2009-01-19

Composer Angela Morley dies

Angela Morley, three-time Emmy winner and two-time Oscar nominee for her film and television music and one of England's best-known arrangers, died Wednesday, Jan. 14 in Scottsdale, Ariz., of complications from a fall and subsequent heart attack. She was 84.

Morley won Emmys as an arranger for two Julie Andrews specials (in 1988 and 1990) and a "Christmas in Washington" special (1985).

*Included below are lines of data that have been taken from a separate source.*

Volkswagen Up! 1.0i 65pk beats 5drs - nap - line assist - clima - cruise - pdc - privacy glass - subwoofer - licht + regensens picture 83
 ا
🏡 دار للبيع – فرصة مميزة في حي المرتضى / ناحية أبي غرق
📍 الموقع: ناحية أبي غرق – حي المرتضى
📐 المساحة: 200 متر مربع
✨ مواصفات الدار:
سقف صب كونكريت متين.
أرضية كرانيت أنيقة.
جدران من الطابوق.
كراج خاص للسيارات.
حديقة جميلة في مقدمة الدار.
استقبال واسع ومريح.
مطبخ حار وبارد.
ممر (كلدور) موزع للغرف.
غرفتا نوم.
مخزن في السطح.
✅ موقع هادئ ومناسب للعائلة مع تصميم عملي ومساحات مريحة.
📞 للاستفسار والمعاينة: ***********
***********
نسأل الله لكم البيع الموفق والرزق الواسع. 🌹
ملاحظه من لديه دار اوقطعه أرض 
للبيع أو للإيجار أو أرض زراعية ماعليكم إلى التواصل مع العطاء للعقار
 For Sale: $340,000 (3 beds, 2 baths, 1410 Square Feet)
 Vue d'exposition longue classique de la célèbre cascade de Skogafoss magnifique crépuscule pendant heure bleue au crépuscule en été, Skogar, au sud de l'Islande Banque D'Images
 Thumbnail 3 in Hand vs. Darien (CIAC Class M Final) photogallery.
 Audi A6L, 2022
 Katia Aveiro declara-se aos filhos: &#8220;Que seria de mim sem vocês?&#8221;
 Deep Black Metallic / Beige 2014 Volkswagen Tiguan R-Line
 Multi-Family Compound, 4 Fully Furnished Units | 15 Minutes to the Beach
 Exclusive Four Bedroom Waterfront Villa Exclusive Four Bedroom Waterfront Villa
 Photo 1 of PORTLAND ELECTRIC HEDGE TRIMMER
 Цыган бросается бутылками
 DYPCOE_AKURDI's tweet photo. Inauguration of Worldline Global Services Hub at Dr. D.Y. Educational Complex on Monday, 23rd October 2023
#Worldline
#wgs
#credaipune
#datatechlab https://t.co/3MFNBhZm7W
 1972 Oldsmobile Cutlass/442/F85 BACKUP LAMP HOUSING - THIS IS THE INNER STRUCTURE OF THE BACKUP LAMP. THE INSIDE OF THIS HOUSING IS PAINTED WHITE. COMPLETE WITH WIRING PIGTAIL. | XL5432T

Her Oscar nominations were for adapting the songs in the musicals "The Little Prince" (1974) and "The Slipper and the Rose" (1977).

She also composed several film scores including the animated "Watership Down" (1978) and, under her birth name of Walter Stott, "The Looking Glass War" (1969), "Captain Nemo and the Underwater City" (1969), "When Eight Bells Toll" (1971) and several low-budget British features in the 1950s.

Morley scored dozens of TV series episodes in the 1970s and '80s, receiving Emmy nominations for her work on "Dallas," "Dynasty," "Blue Skies" and "Emerald Point N.A.S."; she also scored "Falcon Crest," "Hotel," "Wonder Woman" and other shows. She also scored four TV-movies including the remake of "Madame X" (1981) and received 11 Emmy nominations in all.

She also contributed orchestrations to nearly three dozen films, among them such John Williams scores as "Star Wars," "Superman," "E.T., the Extra-Terrestrial," "Schindler's List" and "Home Alone." Williams employed her regularly during his stint with the Boston Pops in the 1980s and '90s; her arrangements are featured on more than a dozen Pops albums.

Born Walter Stott in Leeds, Yorkshire, he played alto saxophone in English big-bands of the 1940s but became a full-time arranger in 1950, eventually arranging records for such popular singers as Mel Torme, Rosemary Clooney, Marlene Dietrich and Noel Coward.

He wrote and conducted music for BBC Radio's popular "Goon Show" in the 1950s and was active on the British music scene as an arranger-conductor throughout the 1960s. He became Angela Morley in 1972 and conducted the BBC Radio Orchestra during the 1970s. She moved to the U.S. in 1980.

She is survived by her partner, Christine Parker; a son, three grandchildren and two great-grandchildren.